What is expected =>
The answer must be an exact copy of the lines from the one with "A frame from" to the last line of the entries below, both included, and must contain no pictures.

[Crawled caption data]

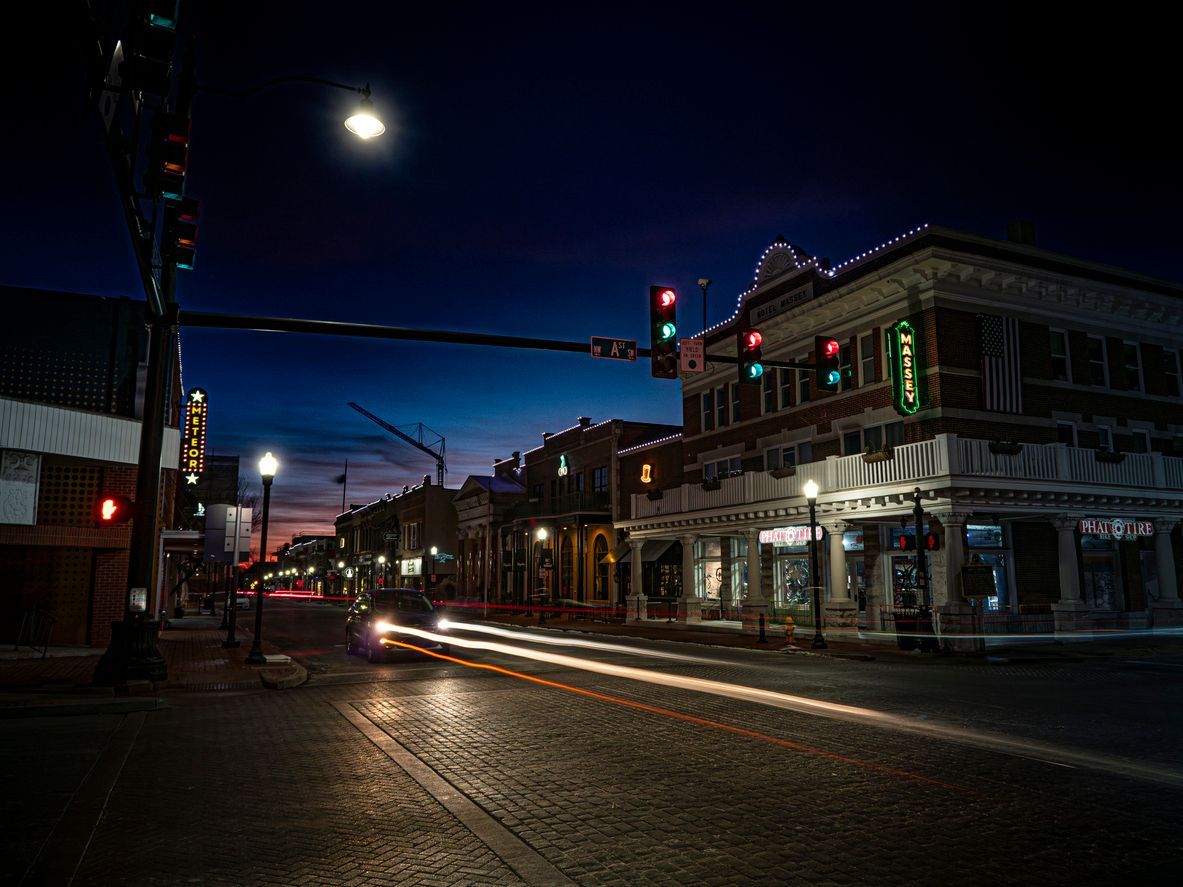 Nighttime city street with lit storefronts, traffic lights, and light trails under a bright moon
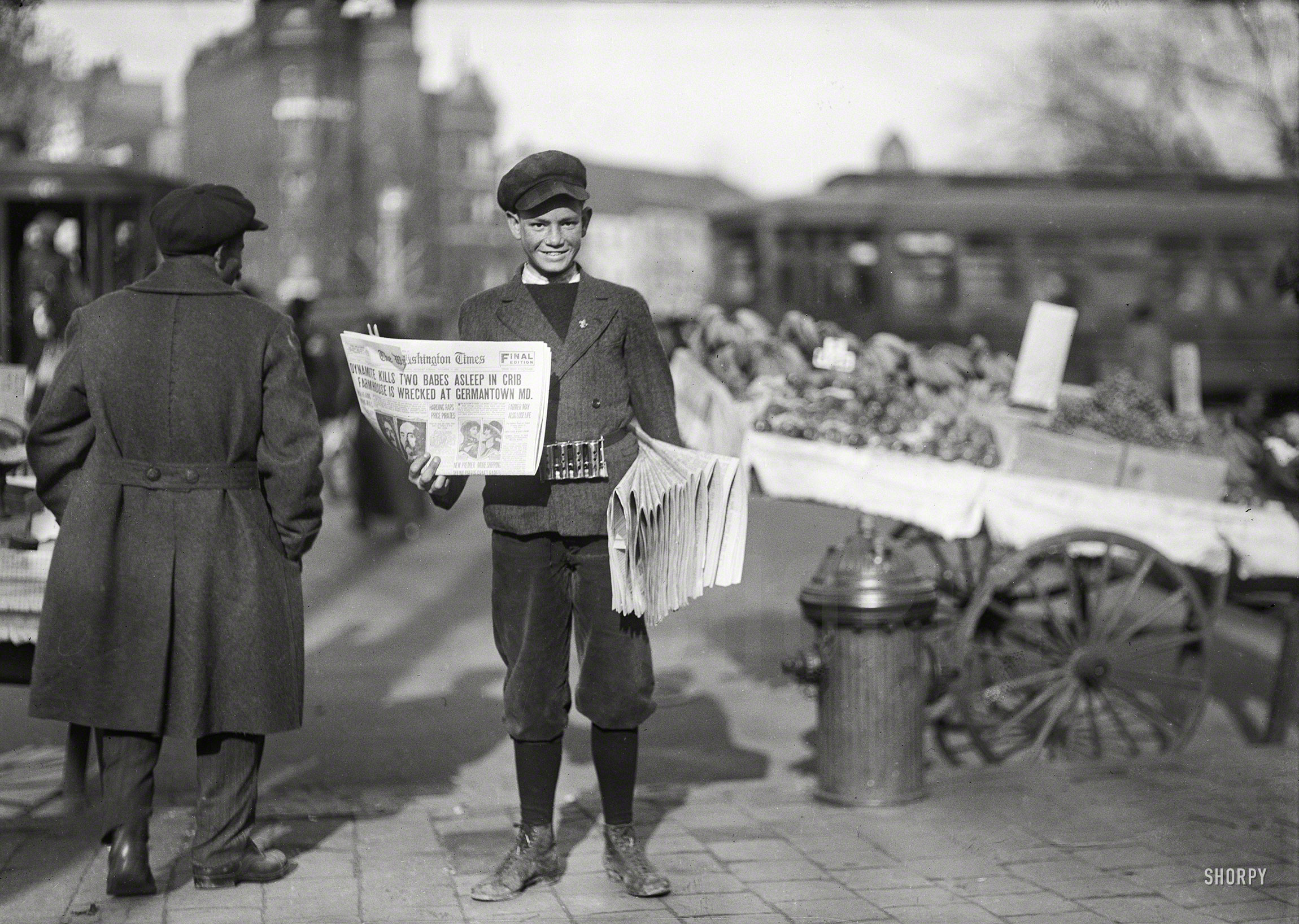 November 18, 1920. "Newsboy holding the Washington Times." Whose banner headline, DYNAMITE KILLS TWO BABES ASLEEP IN CRIB, summarizes a lurid crime that literally rocked Montgomery County, Maryland, in the fall of 1920 when a house painter engaged in a political feud with his neighbor, farmhand James Bolton, dynamited his bungalow, killing the man along with the two small children of his housekeeper. Guy Vernon Thompson was hanged for the crime the following April. Harris & Ewing Collection glass negative. View full size.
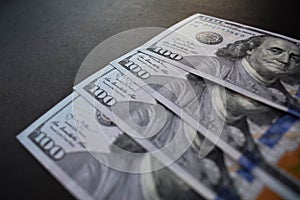 One hundred dollar bills on black background photo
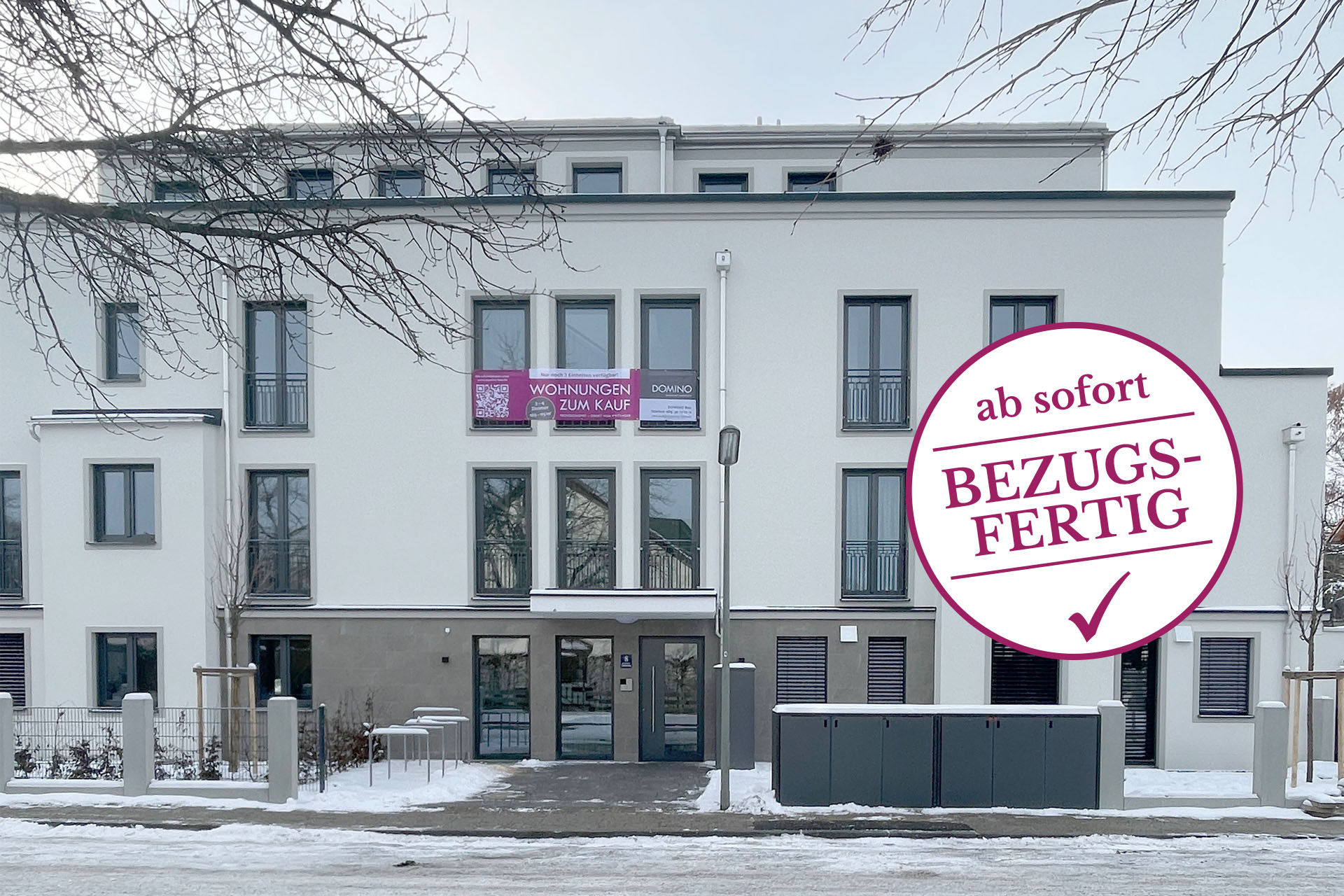 Ansicht eines sofort bezugsfertigen Mehrfamilienhauses mit Tiefgarage von DOMINO Bau in München Denning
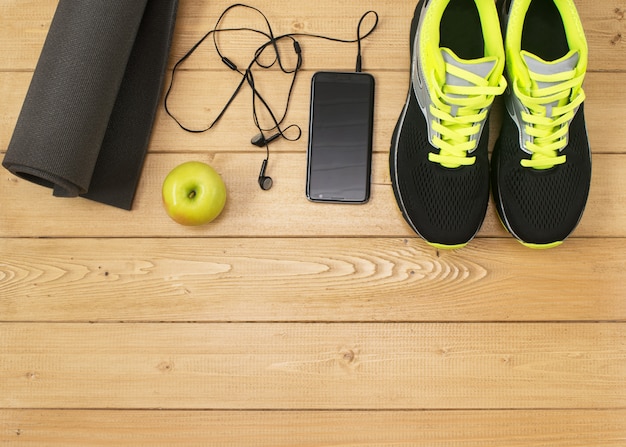 Sports accessories for fitness on the wooden floor.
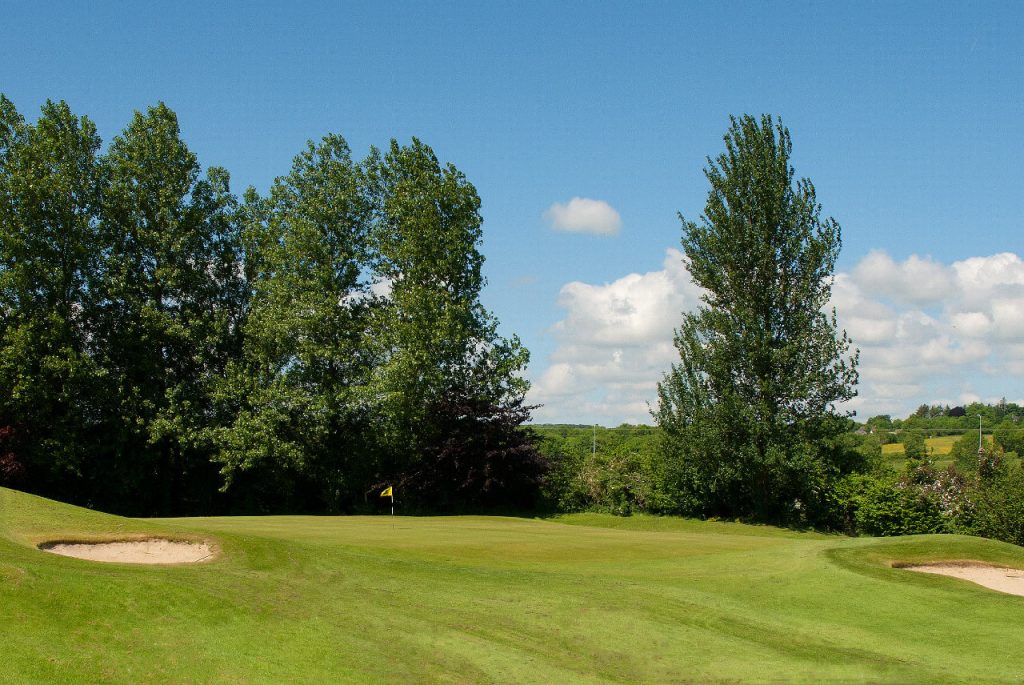 Golf course green with sand bunkers and trees under a blue sky on a sunny day.
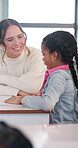 Teacher, help and girl in classroom with conversation, knowledge or question for school test. Education, support and student with woman at desk for learning, explaining or guidance in development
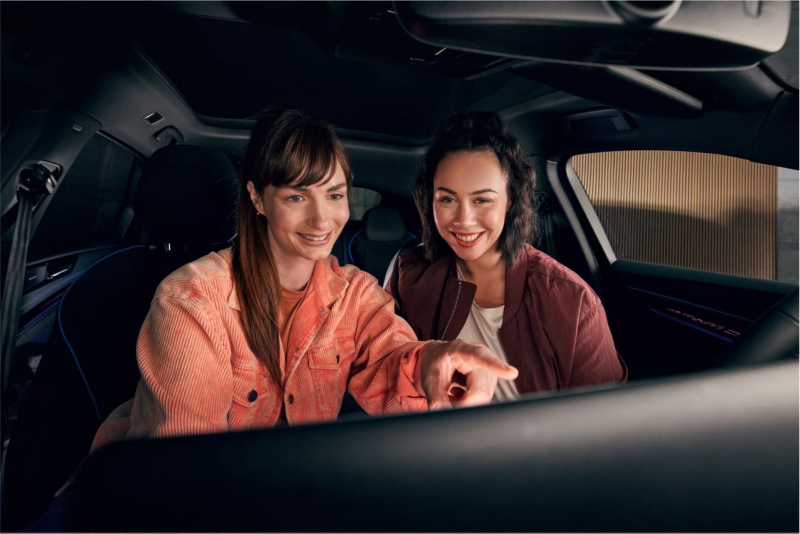 Dos chicas sentadas dentro de un coche eléctrico de Volkswagen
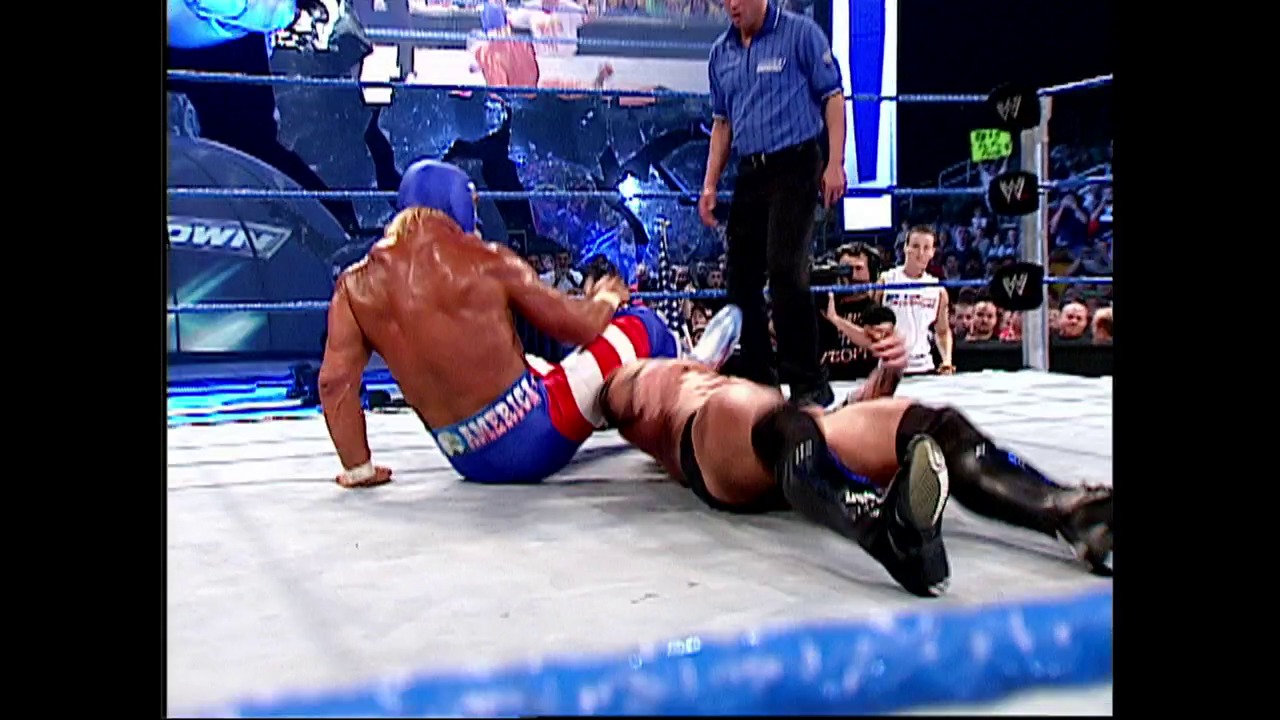 A frame from WWE SmackDown (May 29, 2003) at 0:54. A shirtless wrestler in blue and red attire is on the mat in a wrestling ring, with a referee in a blue shirt standing nearby and a crowd visible in the background. The WWE SmackDown branding and blue ring ropes are visible in the scene.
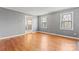 Spacious living room with hardwood floors and large windows offering plenty of natural light at 8101 Kerrybrook Cir, Charlotte, NC 28214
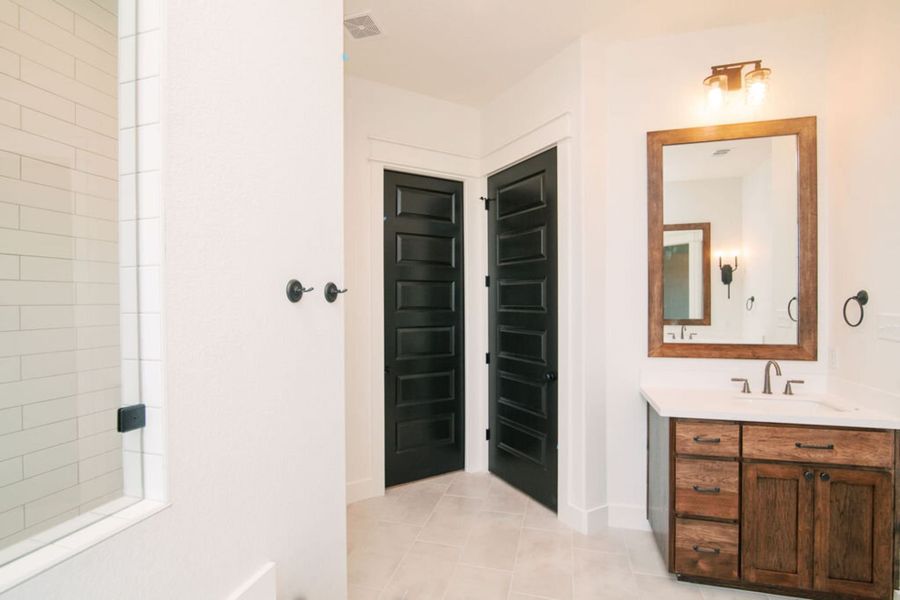 Representative furnished interior of a home built from the The Julia by Reece Homes in Pebble Creek, College Station (Image 47).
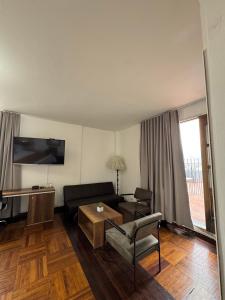 a living room with a couch and a table at Hotel Nutibara in Medellín
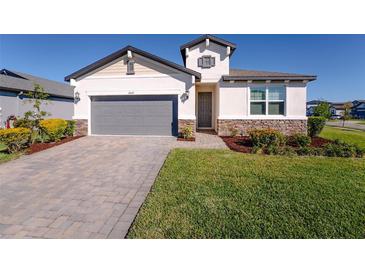 Charming single-Gathering home features a well-manicured lawn and a gray brick driveway leading to an attached two-car garage at 34329 Evergreen Hill Ct, Wesley Chapel, FL 33545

Answer for the task =>
 A frame from WWE SmackDown (May 29, 2003) at 0:54. A shirtless wrestler in blue and red attire is on the mat in a wrestling ring, with a referee in a blue shirt standing nearby and a crowd visible in the background. The WWE SmackDown branding and blue ring ropes are visible in the scene.
 Spacious living room with hardwood floors and large windows offering plenty of natural light at 8101 Kerrybrook Cir, Charlotte, NC 28214
 Representative furnished interior of a home built from the The Julia by Reece Homes in Pebble Creek, College Station (Image 47).
 a living room with a couch and a table at Hotel Nutibara in Medellín
 Charming single-Gathering home features a well-manicured lawn and a gray brick driveway leading to an attached two-car garage at 34329 Evergreen Hill Ct, Wesley Chapel, FL 33545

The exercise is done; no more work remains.